Below is an answer that is somewhat of a brute force identification of significant Sin and Cos expansion terms using Quantile Regression. 
(The coefficients of the basis functions found by Quantile Regression are used instead of, say, `Periodogram`.)

The computations are done with the [package "Regressionizer"](https://pypi.org/project/Regressionizer/).

-------

## Setup

In [None]:
from Regressionizer import *
from OutlierIdentifiers import *

import numpy as np
import pandas as pd
import plotly.express as px
import plotly.graph_objects as go
import plotly.subplots as sp

import inspect

In [None]:
template='plotly_dark'
data_color='darkgray'

----

## Data

In [None]:
dirName = "./"
fileName = dirName + "/fourier-transform-data.csv.zip"
dfRawData = pd.read_csv(fileName, compression='zip')
dfRawData = dfRawData.sort_values(by=dfRawData.columns[0])

dfRawData

-----

## Procedure outline

1. Make a reference fit with an appropriate B-spline basis.

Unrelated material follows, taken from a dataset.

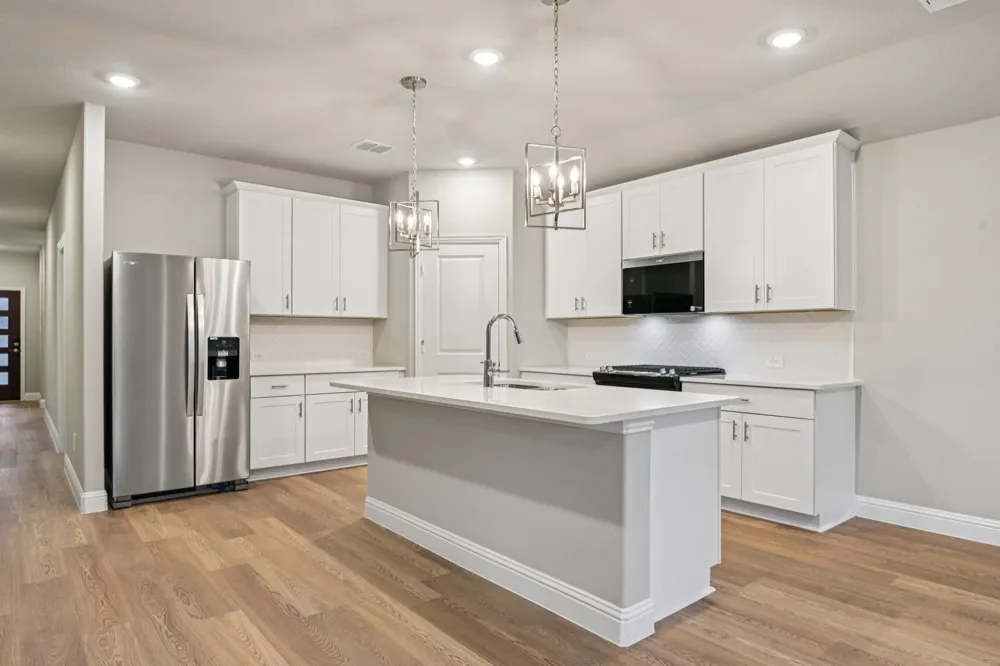 3403 Richland Drive Farmersville, TX 75442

2. Compute a Quantile Regression fit with a large enough Sin/Cos basis functions.  

   -  Use suitable ranges for frequency factors and phase offsets.

3. Find the most significant contributors to the fit of step 2.

   - Pick the obvious outliers.

4. Compute Quantile Regression fit with the Sin/Cos functions found in the previous step. 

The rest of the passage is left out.